Task statement: Of the lines in the data below, write out exactly those from the one holding "Consola Nintendo Switch" through the one holding "Wasserfarbe Rosemary Wreath", both included.

(Brief descriptive captions)
---

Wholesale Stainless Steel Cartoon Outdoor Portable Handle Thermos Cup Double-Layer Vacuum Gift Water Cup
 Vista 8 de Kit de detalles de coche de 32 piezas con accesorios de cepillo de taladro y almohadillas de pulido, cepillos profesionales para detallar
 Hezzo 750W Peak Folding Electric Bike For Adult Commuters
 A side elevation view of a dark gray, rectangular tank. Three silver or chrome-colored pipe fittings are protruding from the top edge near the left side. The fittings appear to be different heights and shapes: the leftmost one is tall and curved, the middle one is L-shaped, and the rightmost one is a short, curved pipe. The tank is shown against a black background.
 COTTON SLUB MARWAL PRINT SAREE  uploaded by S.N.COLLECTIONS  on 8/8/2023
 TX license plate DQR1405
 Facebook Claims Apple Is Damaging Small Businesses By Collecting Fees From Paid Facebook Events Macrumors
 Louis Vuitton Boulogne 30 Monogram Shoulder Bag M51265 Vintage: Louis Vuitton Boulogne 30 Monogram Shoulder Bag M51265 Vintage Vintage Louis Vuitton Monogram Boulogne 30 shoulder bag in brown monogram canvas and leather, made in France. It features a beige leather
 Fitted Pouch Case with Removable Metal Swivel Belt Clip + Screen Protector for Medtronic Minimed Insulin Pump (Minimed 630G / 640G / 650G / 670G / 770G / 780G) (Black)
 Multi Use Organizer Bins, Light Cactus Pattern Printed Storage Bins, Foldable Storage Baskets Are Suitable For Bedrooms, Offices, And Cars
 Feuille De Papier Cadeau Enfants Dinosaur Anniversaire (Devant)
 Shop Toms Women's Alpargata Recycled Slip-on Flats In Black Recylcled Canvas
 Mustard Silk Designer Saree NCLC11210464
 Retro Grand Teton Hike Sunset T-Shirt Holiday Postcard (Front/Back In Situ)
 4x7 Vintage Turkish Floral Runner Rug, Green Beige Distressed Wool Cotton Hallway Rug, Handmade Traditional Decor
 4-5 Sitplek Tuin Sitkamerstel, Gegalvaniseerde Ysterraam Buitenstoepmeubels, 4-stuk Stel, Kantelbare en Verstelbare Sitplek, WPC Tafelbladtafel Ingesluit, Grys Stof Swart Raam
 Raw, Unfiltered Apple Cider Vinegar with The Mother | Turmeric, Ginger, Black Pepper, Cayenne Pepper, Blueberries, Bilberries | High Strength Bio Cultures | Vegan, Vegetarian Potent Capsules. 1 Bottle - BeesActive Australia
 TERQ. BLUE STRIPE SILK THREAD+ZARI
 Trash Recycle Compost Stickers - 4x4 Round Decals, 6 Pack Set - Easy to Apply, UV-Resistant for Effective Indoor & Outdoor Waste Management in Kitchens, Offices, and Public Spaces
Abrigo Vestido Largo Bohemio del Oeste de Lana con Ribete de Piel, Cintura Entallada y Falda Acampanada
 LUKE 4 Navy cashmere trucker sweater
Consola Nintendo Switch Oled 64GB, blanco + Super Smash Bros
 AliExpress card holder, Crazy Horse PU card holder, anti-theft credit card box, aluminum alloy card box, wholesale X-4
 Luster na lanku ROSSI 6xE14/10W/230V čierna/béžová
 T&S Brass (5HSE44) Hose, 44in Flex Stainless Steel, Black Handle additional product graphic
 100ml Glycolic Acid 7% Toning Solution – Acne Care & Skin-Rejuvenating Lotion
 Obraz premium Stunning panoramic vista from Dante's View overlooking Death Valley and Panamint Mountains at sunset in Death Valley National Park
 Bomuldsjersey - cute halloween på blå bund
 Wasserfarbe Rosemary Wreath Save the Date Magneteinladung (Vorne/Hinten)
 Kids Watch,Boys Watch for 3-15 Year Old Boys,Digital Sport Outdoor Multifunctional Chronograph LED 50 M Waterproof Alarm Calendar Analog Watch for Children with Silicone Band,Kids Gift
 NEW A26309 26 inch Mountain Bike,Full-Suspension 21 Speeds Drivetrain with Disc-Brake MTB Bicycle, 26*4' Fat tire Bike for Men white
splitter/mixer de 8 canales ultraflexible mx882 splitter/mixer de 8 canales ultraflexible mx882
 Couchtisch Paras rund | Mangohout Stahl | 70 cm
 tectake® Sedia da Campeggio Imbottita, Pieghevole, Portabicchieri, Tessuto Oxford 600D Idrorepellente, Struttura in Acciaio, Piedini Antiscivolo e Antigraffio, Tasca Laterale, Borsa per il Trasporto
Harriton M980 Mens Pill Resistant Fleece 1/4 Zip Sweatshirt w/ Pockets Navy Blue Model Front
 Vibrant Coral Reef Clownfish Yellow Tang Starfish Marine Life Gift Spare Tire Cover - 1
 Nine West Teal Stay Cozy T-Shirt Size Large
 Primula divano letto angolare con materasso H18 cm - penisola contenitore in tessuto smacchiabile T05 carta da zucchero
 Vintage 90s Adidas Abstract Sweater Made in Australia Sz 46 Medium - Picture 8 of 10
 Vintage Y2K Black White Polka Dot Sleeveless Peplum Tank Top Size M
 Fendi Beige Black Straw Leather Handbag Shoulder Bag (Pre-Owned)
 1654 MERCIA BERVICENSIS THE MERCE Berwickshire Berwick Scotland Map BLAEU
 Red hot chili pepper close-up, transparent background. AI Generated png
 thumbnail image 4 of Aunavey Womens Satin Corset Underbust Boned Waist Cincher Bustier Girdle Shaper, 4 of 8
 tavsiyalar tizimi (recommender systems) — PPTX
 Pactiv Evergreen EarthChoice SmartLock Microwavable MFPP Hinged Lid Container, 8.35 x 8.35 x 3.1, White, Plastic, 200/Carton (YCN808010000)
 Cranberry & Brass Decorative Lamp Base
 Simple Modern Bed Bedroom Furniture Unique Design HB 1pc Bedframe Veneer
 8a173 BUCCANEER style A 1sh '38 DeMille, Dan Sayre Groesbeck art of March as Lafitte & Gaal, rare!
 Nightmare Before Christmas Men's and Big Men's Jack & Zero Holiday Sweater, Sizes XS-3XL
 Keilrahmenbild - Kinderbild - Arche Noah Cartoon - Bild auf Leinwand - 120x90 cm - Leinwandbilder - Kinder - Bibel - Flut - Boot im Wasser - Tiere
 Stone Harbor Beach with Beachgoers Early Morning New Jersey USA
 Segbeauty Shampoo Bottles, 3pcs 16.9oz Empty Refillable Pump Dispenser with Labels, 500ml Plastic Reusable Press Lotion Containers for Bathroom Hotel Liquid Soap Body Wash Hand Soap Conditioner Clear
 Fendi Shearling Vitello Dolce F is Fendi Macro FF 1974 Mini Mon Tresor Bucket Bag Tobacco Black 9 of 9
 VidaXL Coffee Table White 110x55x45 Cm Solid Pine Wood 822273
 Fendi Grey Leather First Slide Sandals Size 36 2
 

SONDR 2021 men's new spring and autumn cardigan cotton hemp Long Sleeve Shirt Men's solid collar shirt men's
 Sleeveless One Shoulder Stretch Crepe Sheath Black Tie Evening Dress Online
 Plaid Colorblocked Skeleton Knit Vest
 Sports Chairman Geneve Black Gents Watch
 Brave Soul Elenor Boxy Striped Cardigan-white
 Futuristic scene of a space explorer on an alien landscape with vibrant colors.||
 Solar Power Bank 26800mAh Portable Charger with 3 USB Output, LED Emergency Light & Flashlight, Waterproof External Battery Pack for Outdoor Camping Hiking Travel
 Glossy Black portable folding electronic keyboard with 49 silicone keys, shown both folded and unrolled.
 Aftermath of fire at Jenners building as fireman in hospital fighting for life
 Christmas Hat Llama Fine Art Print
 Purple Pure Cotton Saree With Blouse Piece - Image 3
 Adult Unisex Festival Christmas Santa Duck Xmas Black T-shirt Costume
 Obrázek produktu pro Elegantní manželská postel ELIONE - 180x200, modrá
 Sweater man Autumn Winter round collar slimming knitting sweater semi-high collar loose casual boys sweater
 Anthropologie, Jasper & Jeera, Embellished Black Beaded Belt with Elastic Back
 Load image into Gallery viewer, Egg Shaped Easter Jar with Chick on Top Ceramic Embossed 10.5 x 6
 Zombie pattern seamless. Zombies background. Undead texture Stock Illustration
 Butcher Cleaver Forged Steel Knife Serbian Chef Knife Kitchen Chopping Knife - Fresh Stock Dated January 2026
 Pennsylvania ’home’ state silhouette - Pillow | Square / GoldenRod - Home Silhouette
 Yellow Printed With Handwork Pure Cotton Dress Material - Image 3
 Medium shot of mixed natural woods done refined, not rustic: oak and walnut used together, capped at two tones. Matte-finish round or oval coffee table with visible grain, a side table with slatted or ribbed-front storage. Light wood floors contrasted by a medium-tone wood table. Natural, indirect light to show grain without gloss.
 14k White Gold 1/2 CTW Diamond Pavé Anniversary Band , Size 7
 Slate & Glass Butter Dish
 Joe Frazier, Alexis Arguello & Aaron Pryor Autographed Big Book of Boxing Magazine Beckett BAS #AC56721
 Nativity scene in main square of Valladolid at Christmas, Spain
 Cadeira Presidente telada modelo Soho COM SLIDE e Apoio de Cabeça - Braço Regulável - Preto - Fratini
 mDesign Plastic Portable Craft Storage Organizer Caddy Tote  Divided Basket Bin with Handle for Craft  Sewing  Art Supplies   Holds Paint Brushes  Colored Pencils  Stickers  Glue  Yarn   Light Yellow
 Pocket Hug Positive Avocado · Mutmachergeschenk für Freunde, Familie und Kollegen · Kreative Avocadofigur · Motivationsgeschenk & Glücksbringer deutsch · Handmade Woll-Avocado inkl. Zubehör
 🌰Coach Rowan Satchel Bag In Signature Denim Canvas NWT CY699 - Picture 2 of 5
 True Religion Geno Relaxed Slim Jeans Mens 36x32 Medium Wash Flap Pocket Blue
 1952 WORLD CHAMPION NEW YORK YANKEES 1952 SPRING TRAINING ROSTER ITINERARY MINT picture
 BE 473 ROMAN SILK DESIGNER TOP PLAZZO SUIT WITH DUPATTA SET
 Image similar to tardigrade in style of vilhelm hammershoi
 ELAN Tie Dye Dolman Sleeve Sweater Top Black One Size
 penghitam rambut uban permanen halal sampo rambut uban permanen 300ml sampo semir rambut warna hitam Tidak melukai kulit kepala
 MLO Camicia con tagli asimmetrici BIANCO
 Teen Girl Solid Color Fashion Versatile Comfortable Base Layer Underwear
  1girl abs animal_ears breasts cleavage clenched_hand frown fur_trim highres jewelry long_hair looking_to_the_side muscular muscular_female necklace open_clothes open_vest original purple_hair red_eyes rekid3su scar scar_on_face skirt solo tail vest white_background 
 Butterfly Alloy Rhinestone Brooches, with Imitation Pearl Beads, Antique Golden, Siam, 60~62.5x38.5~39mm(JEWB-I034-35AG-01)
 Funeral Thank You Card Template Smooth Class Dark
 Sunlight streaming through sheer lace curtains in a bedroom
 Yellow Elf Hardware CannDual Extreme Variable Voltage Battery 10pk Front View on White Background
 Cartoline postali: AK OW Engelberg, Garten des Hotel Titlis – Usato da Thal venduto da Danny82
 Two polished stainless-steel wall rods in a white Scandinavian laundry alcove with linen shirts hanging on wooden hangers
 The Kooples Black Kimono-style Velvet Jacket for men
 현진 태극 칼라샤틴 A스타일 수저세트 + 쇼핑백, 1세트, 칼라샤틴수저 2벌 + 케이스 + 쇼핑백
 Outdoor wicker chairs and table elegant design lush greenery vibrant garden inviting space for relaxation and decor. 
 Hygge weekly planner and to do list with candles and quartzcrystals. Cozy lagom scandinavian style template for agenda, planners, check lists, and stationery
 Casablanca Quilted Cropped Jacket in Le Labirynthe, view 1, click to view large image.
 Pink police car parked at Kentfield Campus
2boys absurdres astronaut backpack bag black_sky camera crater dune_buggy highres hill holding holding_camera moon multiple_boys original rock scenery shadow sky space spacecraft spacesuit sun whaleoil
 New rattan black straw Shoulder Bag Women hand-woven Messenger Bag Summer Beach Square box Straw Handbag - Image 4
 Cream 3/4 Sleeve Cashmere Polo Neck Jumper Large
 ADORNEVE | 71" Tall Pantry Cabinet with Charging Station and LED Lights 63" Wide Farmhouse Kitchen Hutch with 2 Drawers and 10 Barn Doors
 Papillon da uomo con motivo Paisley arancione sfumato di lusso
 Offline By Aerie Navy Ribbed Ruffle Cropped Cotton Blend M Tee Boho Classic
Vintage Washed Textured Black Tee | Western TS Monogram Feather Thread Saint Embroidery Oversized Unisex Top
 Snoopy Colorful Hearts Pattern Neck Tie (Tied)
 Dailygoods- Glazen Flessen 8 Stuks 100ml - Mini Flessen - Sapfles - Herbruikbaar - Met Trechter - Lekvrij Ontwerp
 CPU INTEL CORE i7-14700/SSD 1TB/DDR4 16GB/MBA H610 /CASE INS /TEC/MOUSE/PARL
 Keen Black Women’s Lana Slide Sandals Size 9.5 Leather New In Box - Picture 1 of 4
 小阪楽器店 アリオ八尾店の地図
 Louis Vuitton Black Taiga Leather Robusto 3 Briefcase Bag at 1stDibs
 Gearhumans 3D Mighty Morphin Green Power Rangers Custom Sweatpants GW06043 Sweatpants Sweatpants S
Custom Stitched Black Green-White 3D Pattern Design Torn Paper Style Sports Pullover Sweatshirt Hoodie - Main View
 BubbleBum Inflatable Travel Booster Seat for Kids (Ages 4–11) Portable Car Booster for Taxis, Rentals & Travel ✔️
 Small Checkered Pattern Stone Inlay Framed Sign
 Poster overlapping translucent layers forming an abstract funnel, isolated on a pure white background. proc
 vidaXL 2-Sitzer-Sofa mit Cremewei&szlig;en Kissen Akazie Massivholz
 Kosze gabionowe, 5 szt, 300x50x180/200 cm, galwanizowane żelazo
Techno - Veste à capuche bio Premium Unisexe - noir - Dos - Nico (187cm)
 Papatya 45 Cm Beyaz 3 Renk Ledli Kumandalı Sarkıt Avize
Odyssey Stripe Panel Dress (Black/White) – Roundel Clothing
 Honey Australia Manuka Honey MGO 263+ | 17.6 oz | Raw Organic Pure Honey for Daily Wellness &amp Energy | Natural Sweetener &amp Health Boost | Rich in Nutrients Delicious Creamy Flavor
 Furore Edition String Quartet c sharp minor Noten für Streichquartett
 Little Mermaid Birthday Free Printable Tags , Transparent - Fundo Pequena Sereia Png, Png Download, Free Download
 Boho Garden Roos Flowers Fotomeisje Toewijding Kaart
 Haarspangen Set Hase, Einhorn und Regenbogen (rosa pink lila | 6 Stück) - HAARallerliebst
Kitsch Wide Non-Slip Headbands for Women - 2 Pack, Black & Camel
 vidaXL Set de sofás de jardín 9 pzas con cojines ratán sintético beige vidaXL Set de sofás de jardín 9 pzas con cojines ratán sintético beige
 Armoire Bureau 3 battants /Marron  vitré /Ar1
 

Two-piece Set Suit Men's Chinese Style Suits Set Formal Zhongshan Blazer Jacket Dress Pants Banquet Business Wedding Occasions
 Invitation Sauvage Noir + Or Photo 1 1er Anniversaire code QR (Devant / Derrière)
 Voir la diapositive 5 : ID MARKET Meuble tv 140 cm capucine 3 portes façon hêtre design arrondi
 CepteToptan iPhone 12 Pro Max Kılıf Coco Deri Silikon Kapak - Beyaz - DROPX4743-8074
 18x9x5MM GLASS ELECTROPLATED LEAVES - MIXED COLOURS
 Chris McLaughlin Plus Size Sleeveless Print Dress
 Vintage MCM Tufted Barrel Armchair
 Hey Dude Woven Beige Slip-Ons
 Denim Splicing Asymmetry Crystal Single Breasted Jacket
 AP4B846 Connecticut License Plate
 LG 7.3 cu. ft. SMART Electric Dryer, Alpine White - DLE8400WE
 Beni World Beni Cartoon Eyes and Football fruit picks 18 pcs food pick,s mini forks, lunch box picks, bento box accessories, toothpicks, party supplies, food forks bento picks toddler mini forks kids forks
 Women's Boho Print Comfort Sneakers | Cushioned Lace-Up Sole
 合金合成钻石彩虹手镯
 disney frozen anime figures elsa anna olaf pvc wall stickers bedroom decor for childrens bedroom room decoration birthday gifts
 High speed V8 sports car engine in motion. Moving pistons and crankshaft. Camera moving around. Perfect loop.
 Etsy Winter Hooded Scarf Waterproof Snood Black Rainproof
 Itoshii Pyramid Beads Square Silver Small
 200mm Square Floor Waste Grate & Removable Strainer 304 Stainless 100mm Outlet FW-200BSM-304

---

Expected output:
Consola Nintendo Switch Oled 64GB, blanco + Super Smash Bros
 AliExpress card holder, Crazy Horse PU card holder, anti-theft credit card box, aluminum alloy card box, wholesale X-4
 Luster na lanku ROSSI 6xE14/10W/230V čierna/béžová
 T&S Brass (5HSE44) Hose, 44in Flex Stainless Steel, Black Handle additional product graphic
 100ml Glycolic Acid 7% Toning Solution – Acne Care & Skin-Rejuvenating Lotion
 Obraz premium Stunning panoramic vista from Dante's View overlooking Death Valley and Panamint Mountains at sunset in Death Valley National Park
 Bomuldsjersey - cute halloween på blå bund
 Wasserfarbe Rosemary Wreath Save the Date Magneteinladung (Vorne/Hinten)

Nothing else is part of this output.